**Data:**
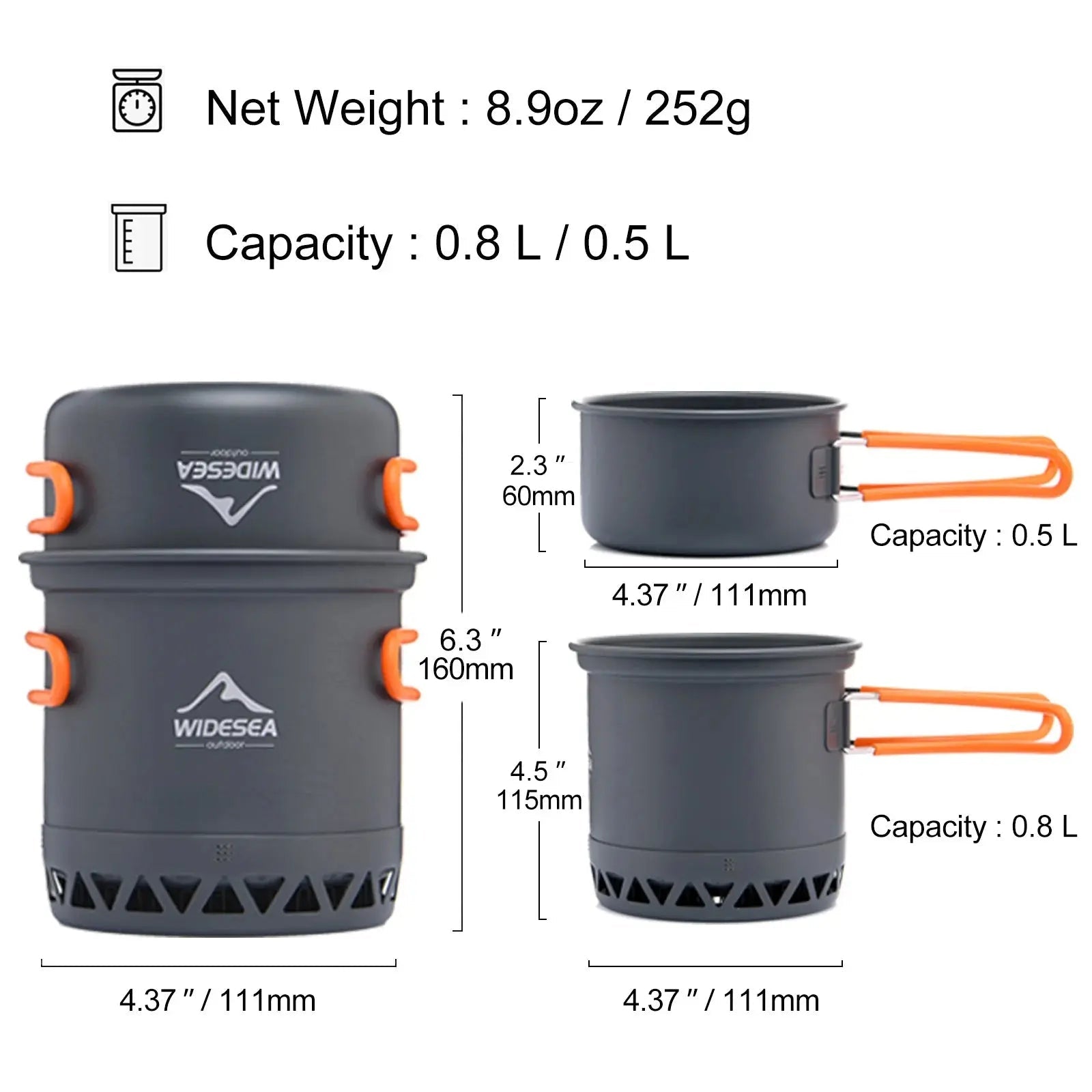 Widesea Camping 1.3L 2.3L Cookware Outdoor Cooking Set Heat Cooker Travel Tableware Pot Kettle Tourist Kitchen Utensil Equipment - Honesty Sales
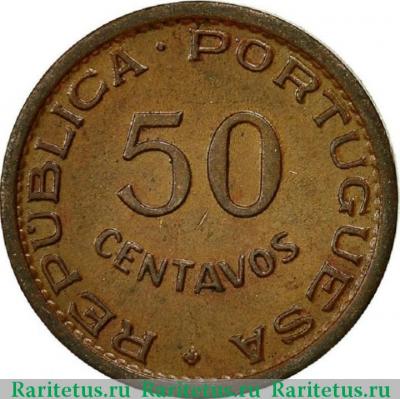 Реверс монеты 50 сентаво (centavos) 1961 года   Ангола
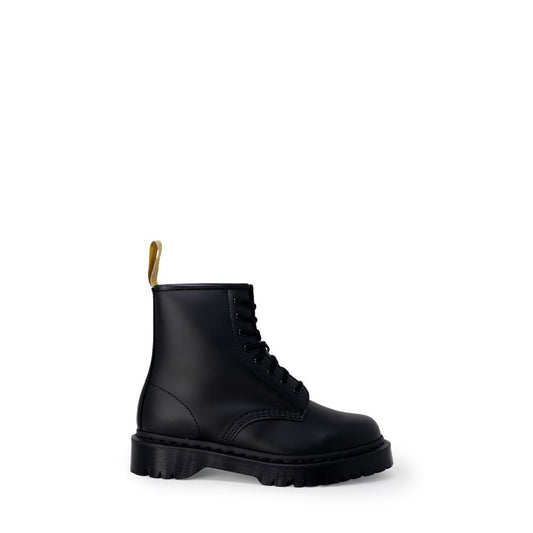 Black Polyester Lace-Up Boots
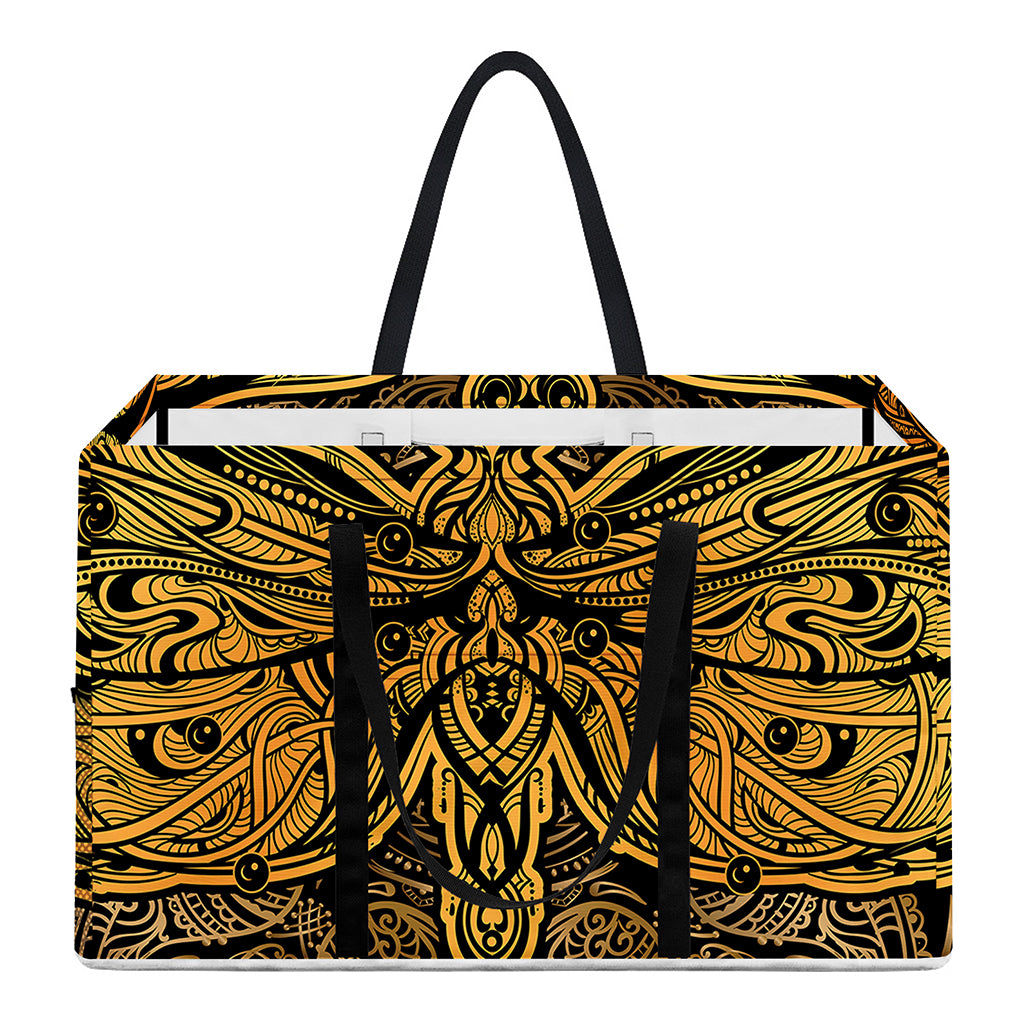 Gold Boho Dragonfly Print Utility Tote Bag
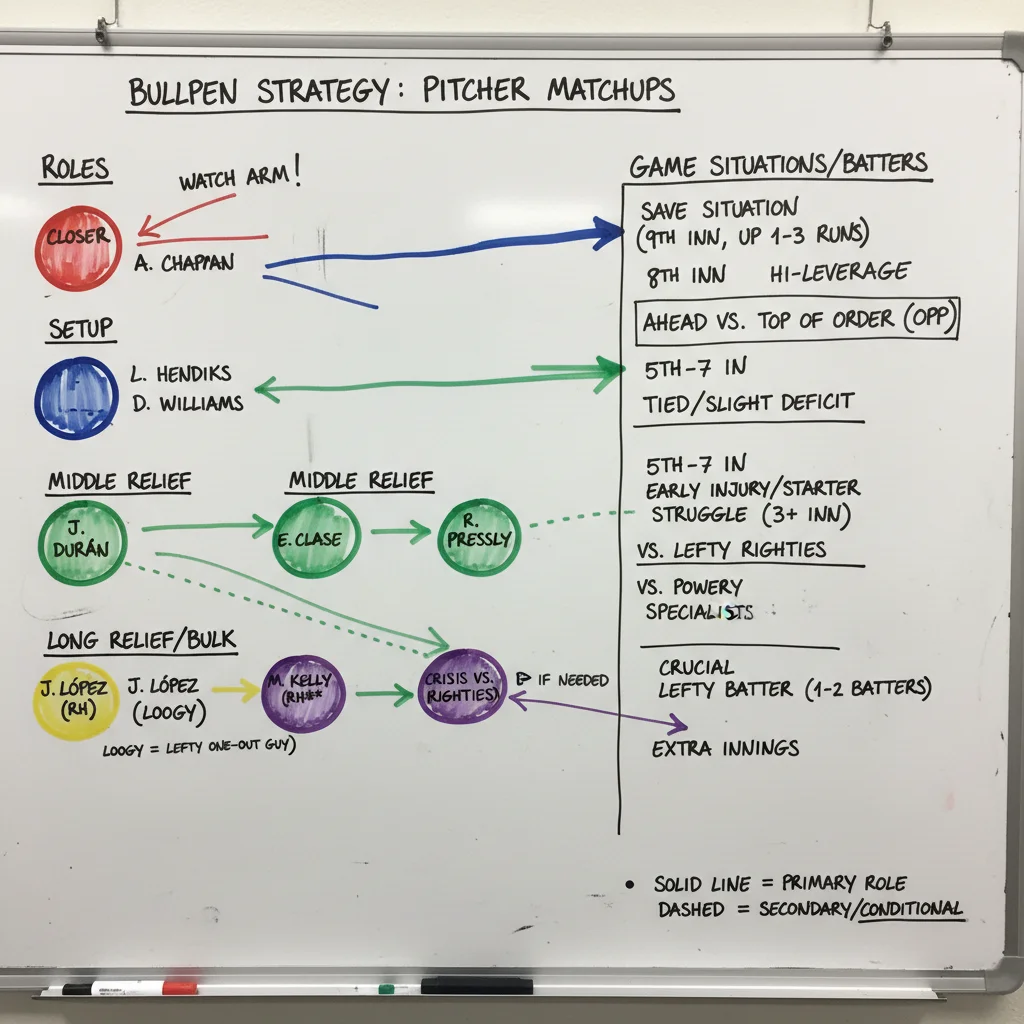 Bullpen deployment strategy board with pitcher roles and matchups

---

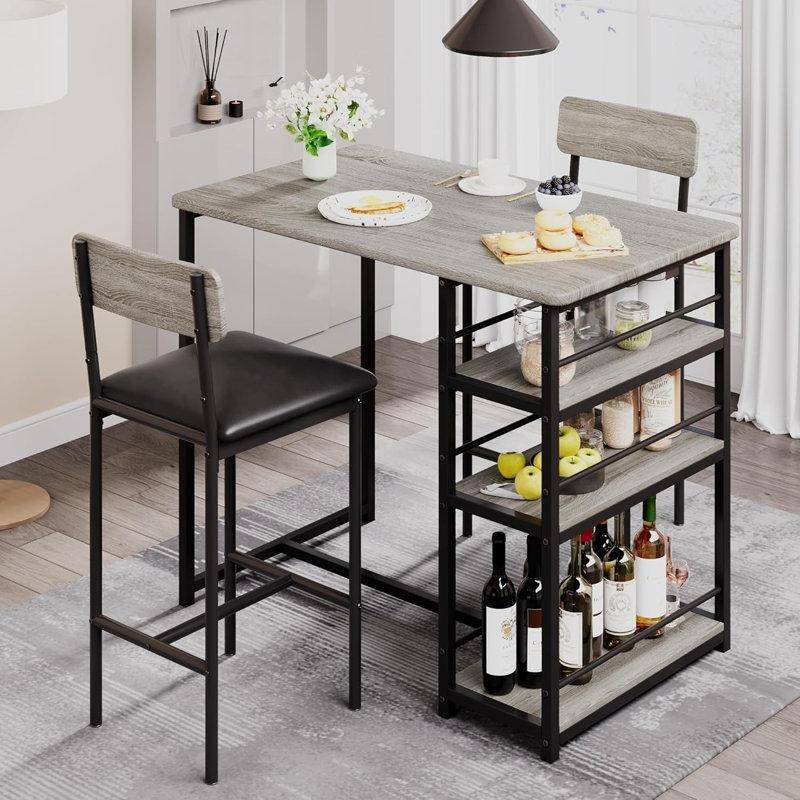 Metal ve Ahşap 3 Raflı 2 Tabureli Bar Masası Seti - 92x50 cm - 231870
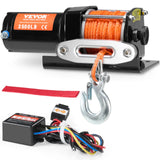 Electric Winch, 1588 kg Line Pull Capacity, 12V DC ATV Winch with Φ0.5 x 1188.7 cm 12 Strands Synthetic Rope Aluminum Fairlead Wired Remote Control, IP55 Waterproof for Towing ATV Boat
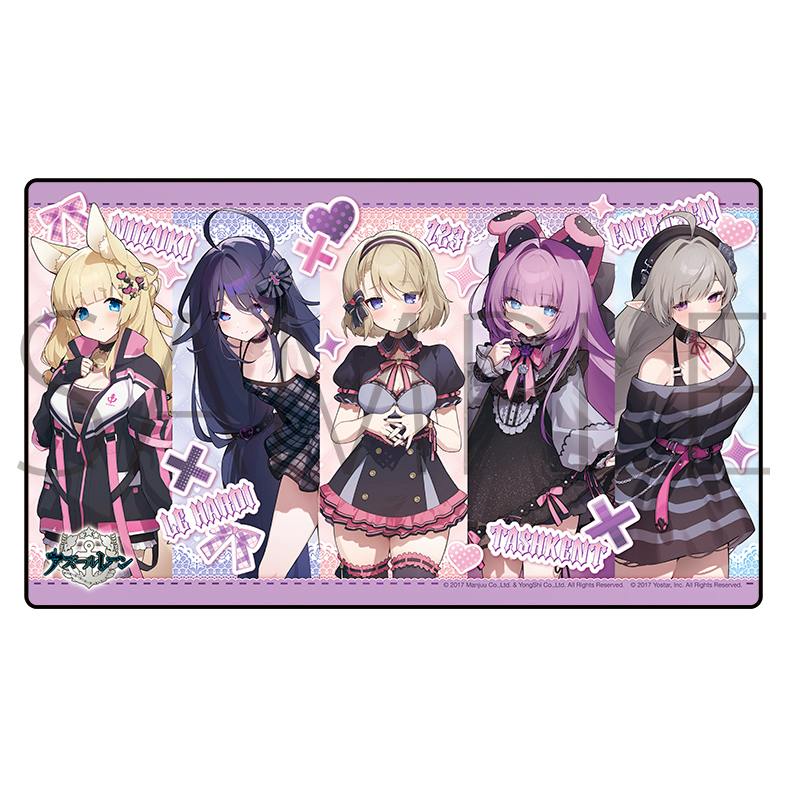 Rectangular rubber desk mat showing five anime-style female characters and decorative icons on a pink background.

==

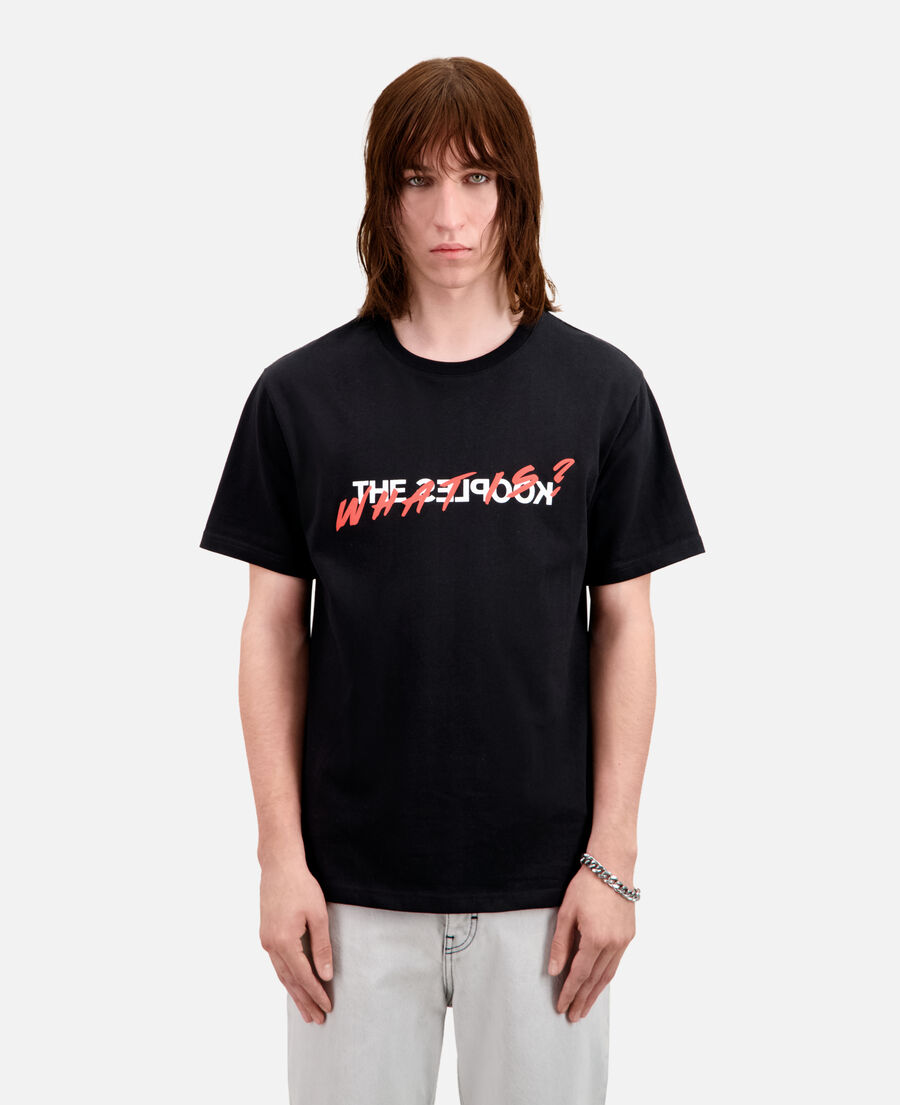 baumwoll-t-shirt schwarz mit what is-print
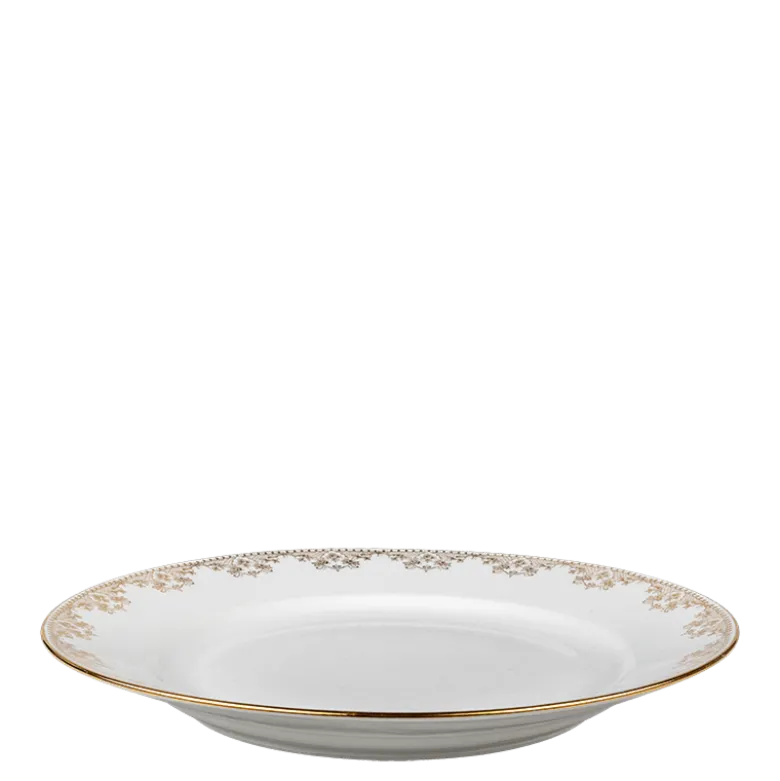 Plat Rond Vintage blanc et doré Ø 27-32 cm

**What this task involves:** Everything from the line above that contains "baumwoll-t-shirt schwarz mit what is-print" down to the line that contains "Plat Rond Vintage blanc et doré Ø 27-32 cm" must be reproduced exactly, both ends included. Omit the pictures.

**Exercise solution:**
 baumwoll-t-shirt schwarz mit what is-print
 Plat Rond Vintage blanc et doré Ø 27-32 cm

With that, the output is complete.